By Nathan Grayson on April 25th, 2014 at 11:00 am.
Something is rotten in the state of Denmark. No wait, blocks. Something is blocks in the state of Denmark. And by that, I mean everything. This isn’t just an approximation, either. It’s a 1:1 recreation of Denmark based on real-life data collected by the Danish GeoData Agency. Countless places, things, and well-known television show space ships have been reborn, phoenix-like, by way of Minecraft’s blocky black magic, but I don’t think we’ve ever seen anything quite like this.
Wild, right? The stats behind this massive undertaking make it even crazier. Creators Simon Kokkendorf and Thorbjørn Nielsen from the Danish Geodatastyrelsen are housing their homeland across three servers, to the tune of roughly 4 billion blocks. The whole thing constitutes 1TB of data.
You can roam around on their servers, or you can download Denmark (that still sounds strange to say) in 10km x 10km chunks. The servers will evaporate in October, so either cherish your virtual getaway/geography lesson while you can or drop an entire country on your hard drive and then, er, probably buy another hard drive.

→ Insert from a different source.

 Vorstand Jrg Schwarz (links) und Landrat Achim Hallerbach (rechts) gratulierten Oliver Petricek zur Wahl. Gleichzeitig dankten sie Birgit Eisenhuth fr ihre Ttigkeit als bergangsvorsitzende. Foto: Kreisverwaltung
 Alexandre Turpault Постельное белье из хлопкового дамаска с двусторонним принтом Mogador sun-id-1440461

As you might expect, the Geodatastyrelsen has some pretty strict rules in place for its own servers. However, you are allowed to alter the landscape so long as you build something new yourself. So now the real fun begins. What will Denmark become with a million power-mad ant gods crawling around on its colossal back? I am intrigued. Also terrified, because I would flinch if the Internet were given a moldy scrap of napkin and a single half-eaten crayon, let alone an entire country.